Chip A. Dillon - Vertical Research Partners, LLC

And it was just more extreme than normal when we look at the fourth and the first?

Sallie B. Bailey

Well I really think you have to consider is demand has been ramping up so much. So I think you're noticing the swing is probably more than you have in the last 6 years.

Curtis M. Stevens

One last thing is what exacerbated that was my comments on the Canadian railroad. We had a lot of material that was sold but we couldn't get cars to ship it from Canada.

Chip A. Dillon - Vertical Research Partners, LLC

Got you. And then lastly, did you -- and you might have mentioned this, Curt, what sort of a good guess as to when the Peace Valley deal closes?

Curtis M. Stevens

We hope to close it this quarter.

Operator

Your next question comes from the line of Gail Glazerman with UBS.

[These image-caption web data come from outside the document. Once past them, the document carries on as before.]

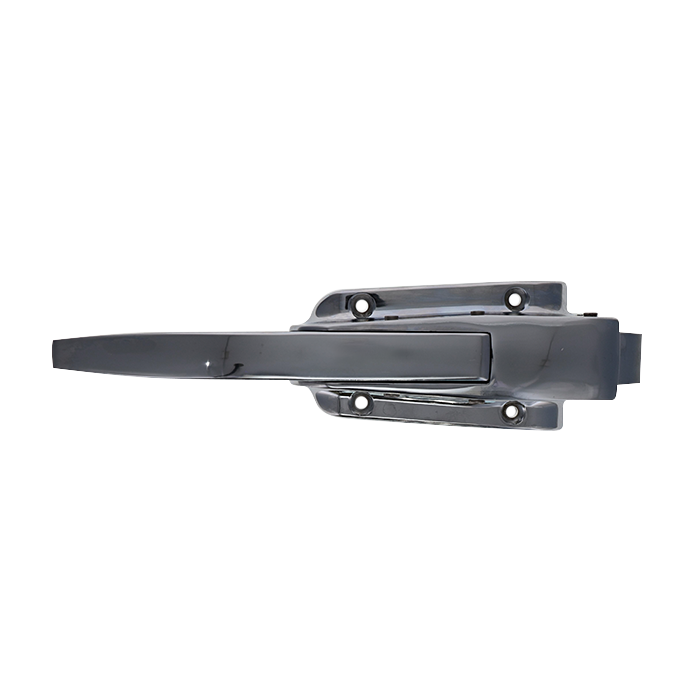 KASON 78 SERIES LATCH Ace Doors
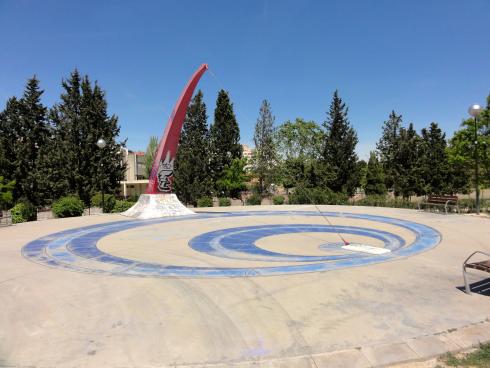 ES_ARA_ZAR Zaragoza-014-01 Parque de la Granja
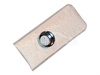 <b>BMW:</b> 1612.1.121.494<br/><b>CHEVROLET:</b> 25163468<br/><b>CHEVROLET:</b> 25055455<br/><b>CHEVROLET:</b> 25116525<br/>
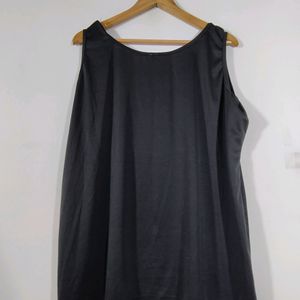 Black Tops (Women's)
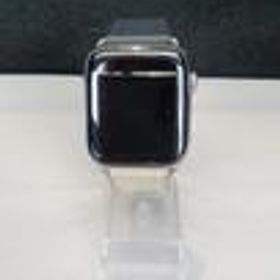 APPLE WATCH MU782J/A APPLE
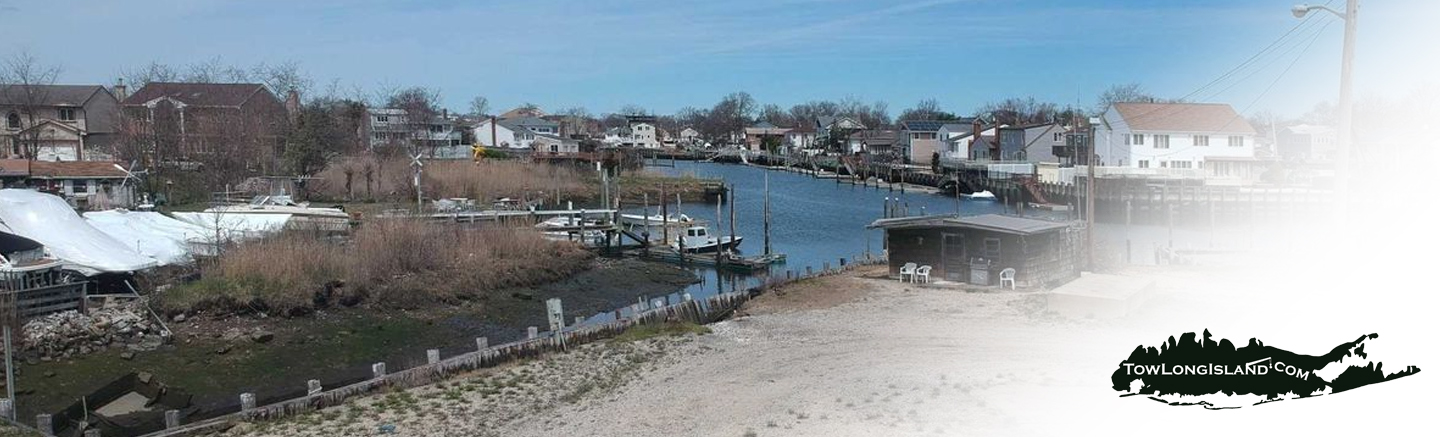 Oceanside Towing | Junk Car Removal, Vehicle Donation, & Towing Service, Long Island, Nassau County, NY Oceanside Towing | Junk Car Removal, Vehicle Donation, & Towing Service, Oceanside, Long Island, NY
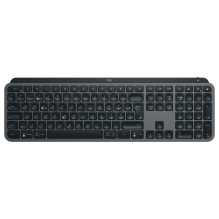 Logitech 920-011571 keyboard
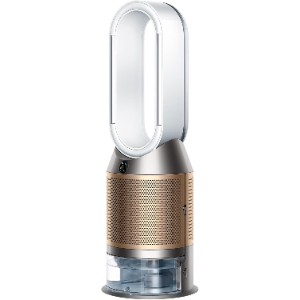 Dyson Purifier Humidify+Cool Formaldehyde PH04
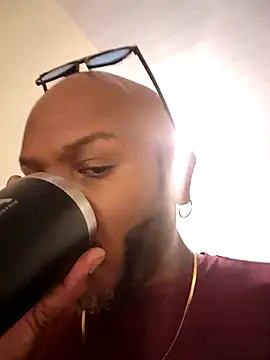 RickDonn online show from March 31, 2026, 9:39 pm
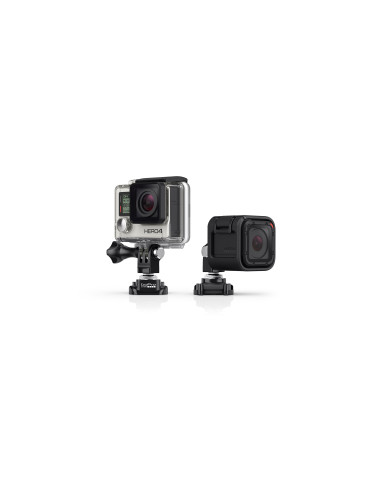 GoPro ABJQR-001 Soporte para cámara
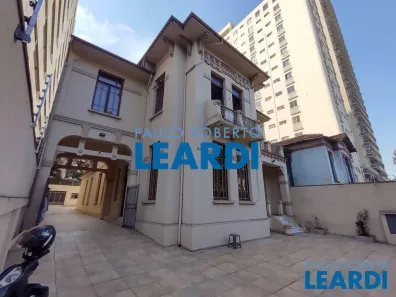 Sobrado com 5 Quartos para venda ou aluguel, 350m² no Consolação, São Paulo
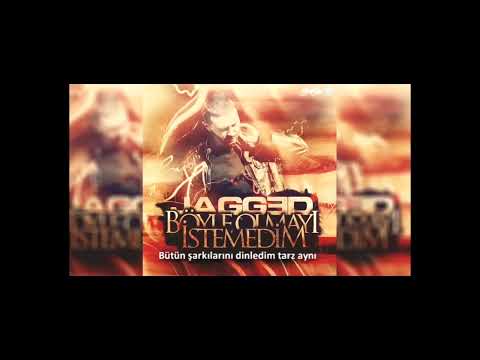 Jagged Elleran Elvisden daha iyi bir Elleran Elvis oluyor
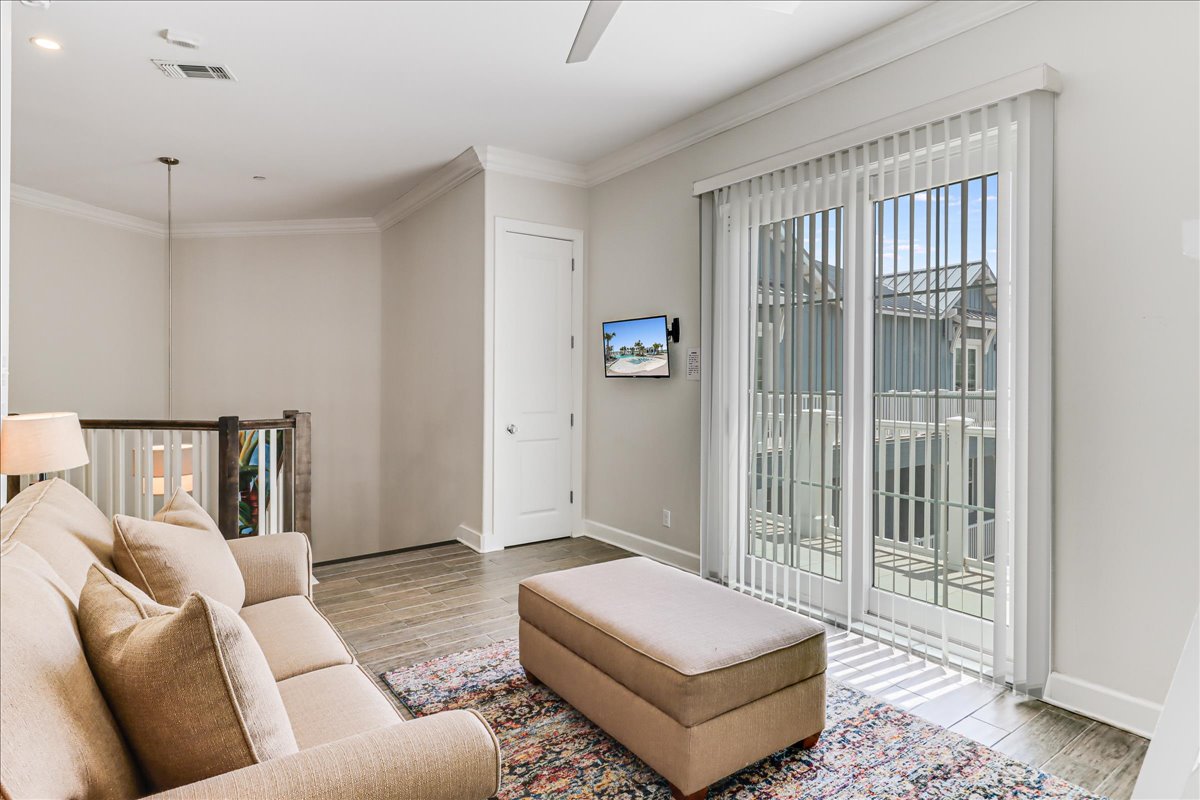 Port Aransas, Texas, 78373, United States, 3 Bedrooms Bedrooms, ,5 BathroomsBathrooms,Residential,For Sale,1994258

Gail S. Glazerman - UBS Investment Bank, Research Division

Curt, can you give a little bit more color on some of the capacity news that you were discussing? The change at Swan Valley, exactly what are you doing and what will that add? And I guess once you make all those changes what would be your operating rate assuming you're kind of running that? Would you have anything kind of less in your pocket?

Curtis M. Stevens

Well what we are doing -- what we did in the first quarter is we ran 24/7 on our U.S. operations. In Canada, we were limited in Swan Valley, we have -- this is probably more detail than you want, but we have got to increase the stack heights so that we can meet all the environmental requirements to run that 24/7. So that's what we're doing there and we have to wait for the weather to accommodate that construction project. So we ran at about -- in Q1, the running mills, ran at about 83% of capacity. And then the only one that's not, that we haven't talked much about is Chambord. And what we did say of Chambord when we get to 1,000,001 kind of housing starts we're going to have to think about that one. So that's the only one that's not currently running and that's about a 450-million-square foot mill.

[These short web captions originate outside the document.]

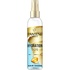Спрей для волосся Pantene Блиск SOS 150 мл (8001841914282)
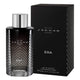 Jaguar Era woda toaletowa spray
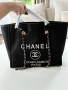 Дамска чанта Chanel , снимка 1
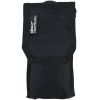 Molle Phone Sleeve - Black - Pikadooprema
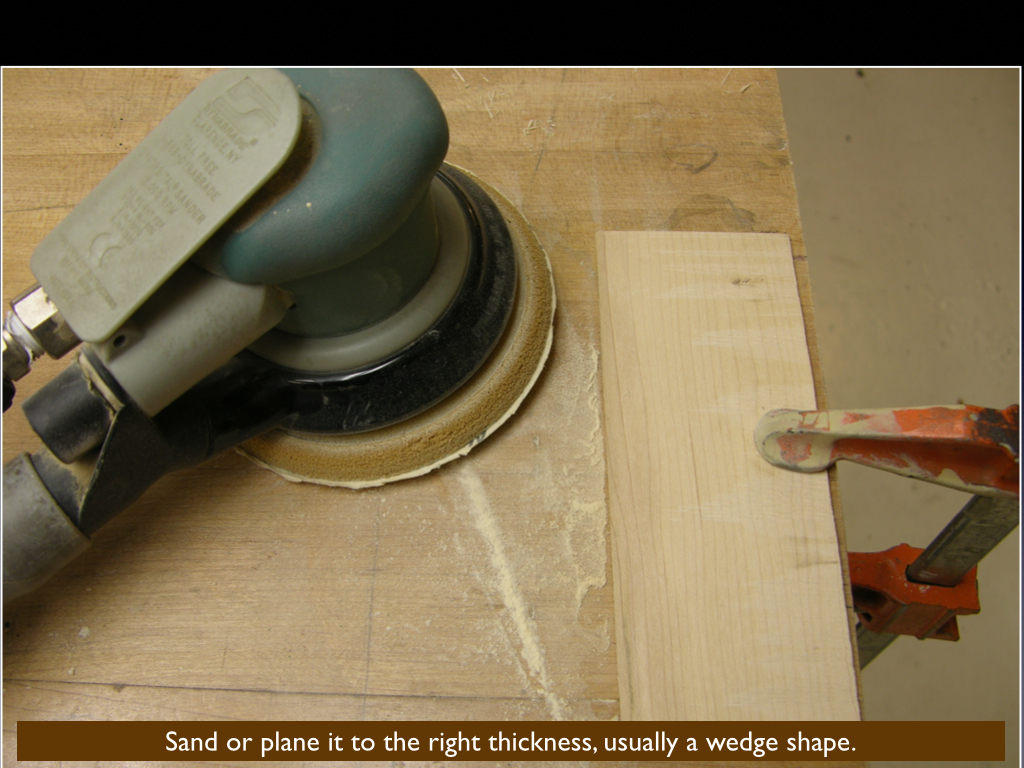 5 Pinblock:Fit to Case.009.jpg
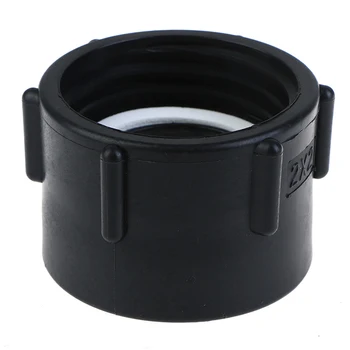 1000L IBC Water Tank 50Mm Heavy Bsp Adapter Part Water Connector Fuel Bucket Valve Tank Garden Hose Pipe Fittings Fittings Valve
1000L IBC Water Tank 50Mm Heavy Bsp Adapter Part Water Connector Fuel Bucket Valve Tank Garden Hose Pipe Fittings Fittings Valve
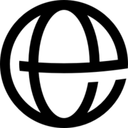 ClientEarth Logo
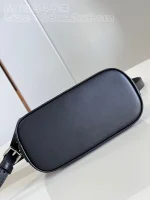 LV Nano Alma Epi 貝殼包包-M81945：圖片 7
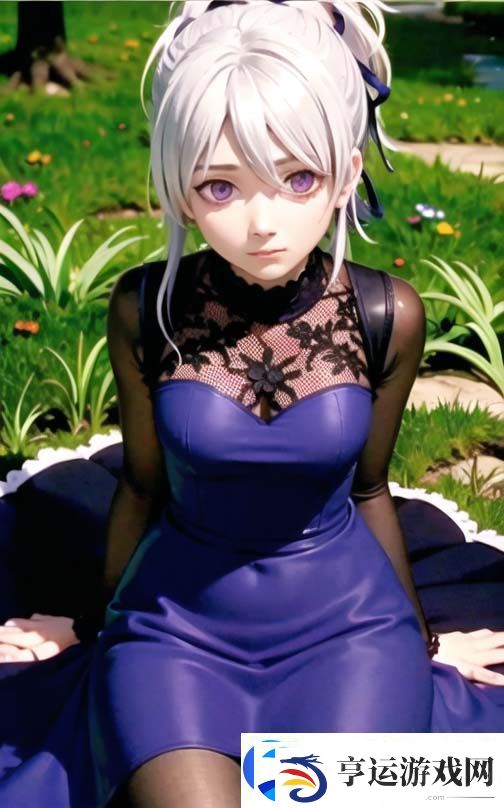 国产精品VR与欧产、日产VR的差异与优势在哪里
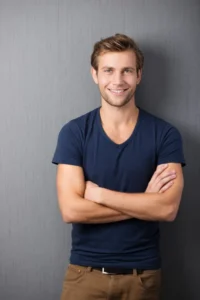 Mehmet Kaya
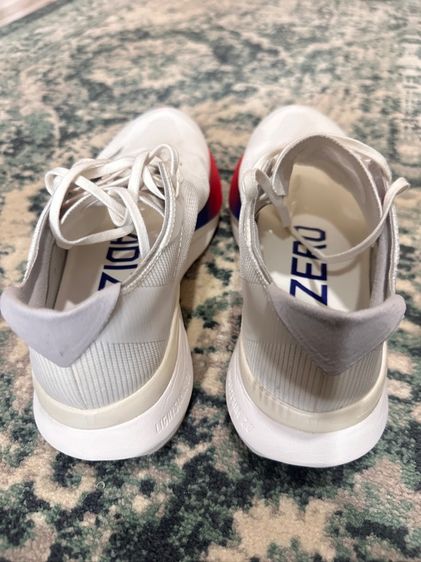 Adidas Adizero Boston 12 รูปที่ 8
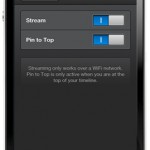 Tweetbot für iPhone nun auch mit Realtime Stream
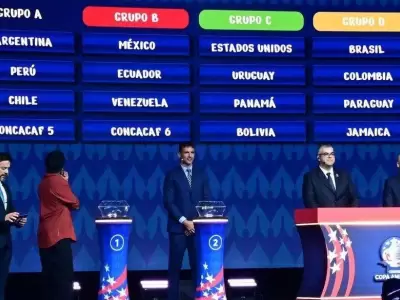 sorteo-jpg.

Gail S. Glazerman - UBS Investment Bank, Research Division

Okay. That's helpful. And can you maybe give a little bit more color? I guess you referenced some mix shift in OSB in the quarter, exactly kind of what that is? And was that a positive or negative impact just given how strong commodity prices were in the quarter?

Curtis M. Stevens

I'm not...

Sallie B. Bailey

Well yes, we did, we saw -- Gail, we saw more value-added in the quarter because we're continuing to increase our value-added. And so on a relative basis, you just do the percentages, you look at these percentage change in price. And you compare that to your commodity price, the percentage changes will be less on the value-added. So but the gross margin -- that doesn't mean the gross margin is less. So on a cash basis, it's good for the company, but on these realizations to the commodity, you're not going to see that same level of price realization.

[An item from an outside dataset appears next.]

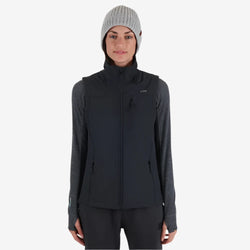Xtm Sierra Softshell Vest Women's 8
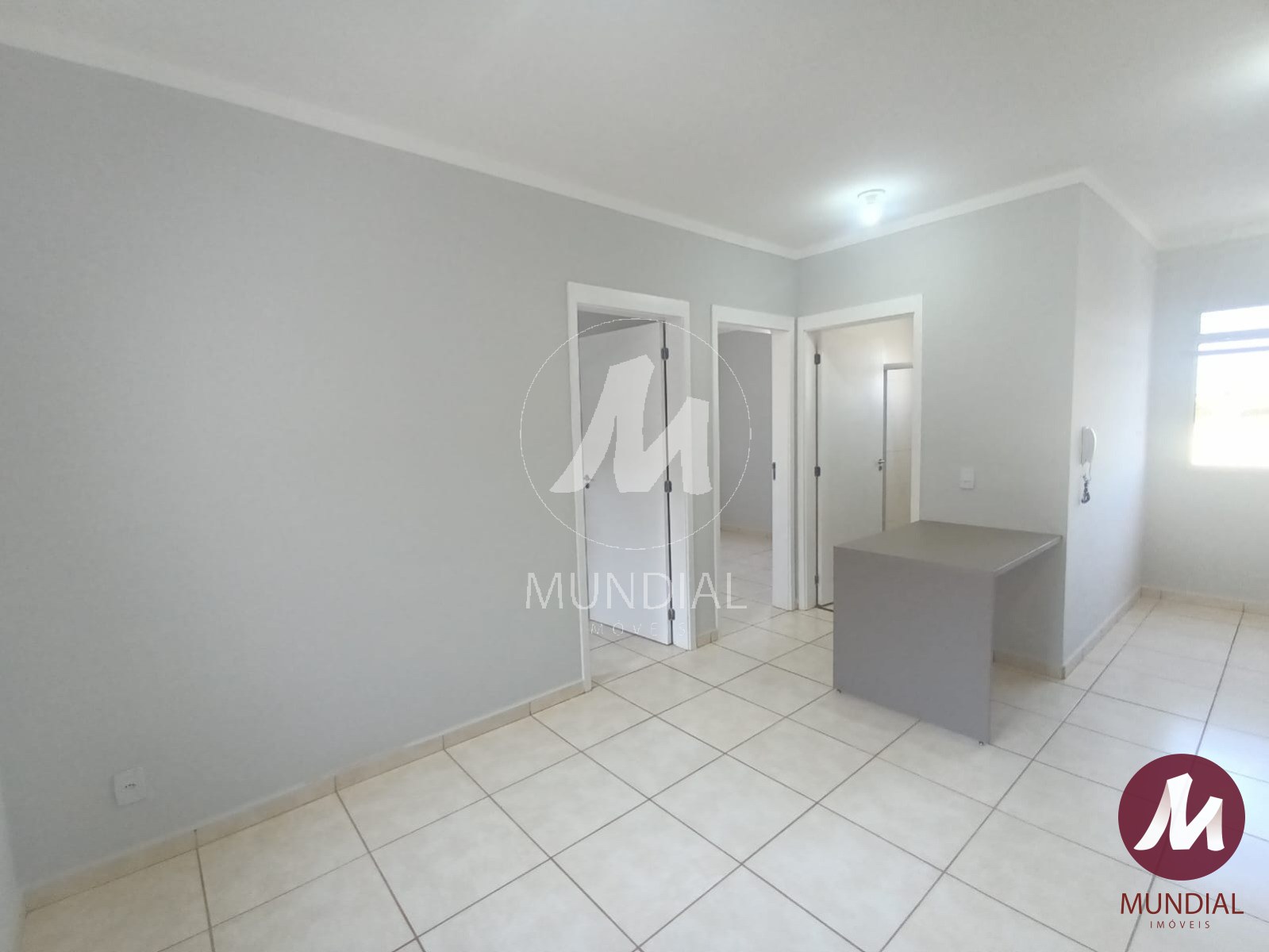 Sala — foto 3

Gail S. Glazerman - UBS Investment Bank, Research Division

Okay. And just, I guess, sticking with OSB and pricing, can you give a little bit perspective on what you think has starts the recent selloff? And do you think supplies suddenly caught up with demand? Or would you expect that to kind of bounce back in the near term?

Curtis M. Stevens

I hate to do this, but I'm going to blame it on the weather. We had very severe winter in Canada and then we had a late winter in the northern tier of the U.S. In fact, last week we had, what, 19 inches of snow in Minnesota. So there wasn't much building going on in Minnesota. So I think part of it was a backup due to those weather considerations. The other piece of that, and I mentioned this, we're working closely with our customers. Customers are somewhat constrained because most of them are working on asset-based lending facilities on how much they can bring in and so they really need to get the flow-through because they don't have the ability to carry extra inventory. So I think it was related to that. We did have, in Q1, we had the highest Q1 OSB prices, at least since I've been in LP, for 15 years. So it's -- it was a high number and I think that some of the buyers were looking for an opportunity to pull back on the purchases so they could affect the price. And that's what we've seen over the last 4, 5 weeks. I would expect that as the weather improves, that all of our discussions with the builders is there's a lot of pent-up demand for that product and going to flow pretty quickly. And that we are going to be in a position where there's going to be tightness between available supply and demand.

Operator

Your next question comes from the line of Mark Weintraub with Buckingham Research.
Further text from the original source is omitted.